> [Your assignment] Repeat the whole listing below precisely. Omit all pictures.

> [Data section]

* * * * *

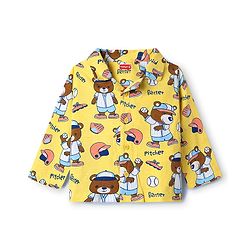 Babyhug Cotton Knit Full Sleeves Front Open Co-Ords Night Suit With Cartoon Print - Yellow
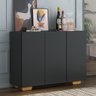 Aparador Buffet 3 Portas com Pés Quadrados Veneza Multimóveis MP1010 Preto/Natural - 2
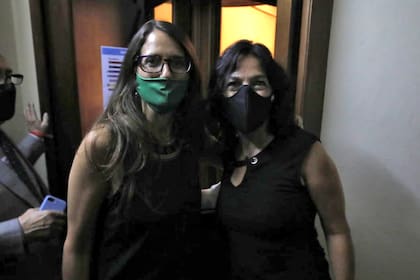 La ministra de las Mujeres, Géneros y Diversidad, Elizabeth Gómez Alcorta, junto a la secretaria de Legal y Técnica, VIlma Ibarra, llegaron al Senado. Ambas están a favor de la legalización del aborto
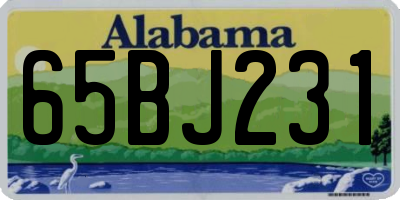 AL license plate 65BJ231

* * * * *

> [Written solution]
 Babyhug Cotton Knit Full Sleeves Front Open Co-Ords Night Suit With Cartoon Print - Yellow
 Aparador Buffet 3 Portas com Pés Quadrados Veneza Multimóveis MP1010 Preto/Natural - 2
 La ministra de las Mujeres, Géneros y Diversidad, Elizabeth Gómez Alcorta, junto a la secretaria de Legal y Técnica, VIlma Ibarra, llegaron al Senado. Ambas están a favor de la legalización del aborto
 AL license plate 65BJ231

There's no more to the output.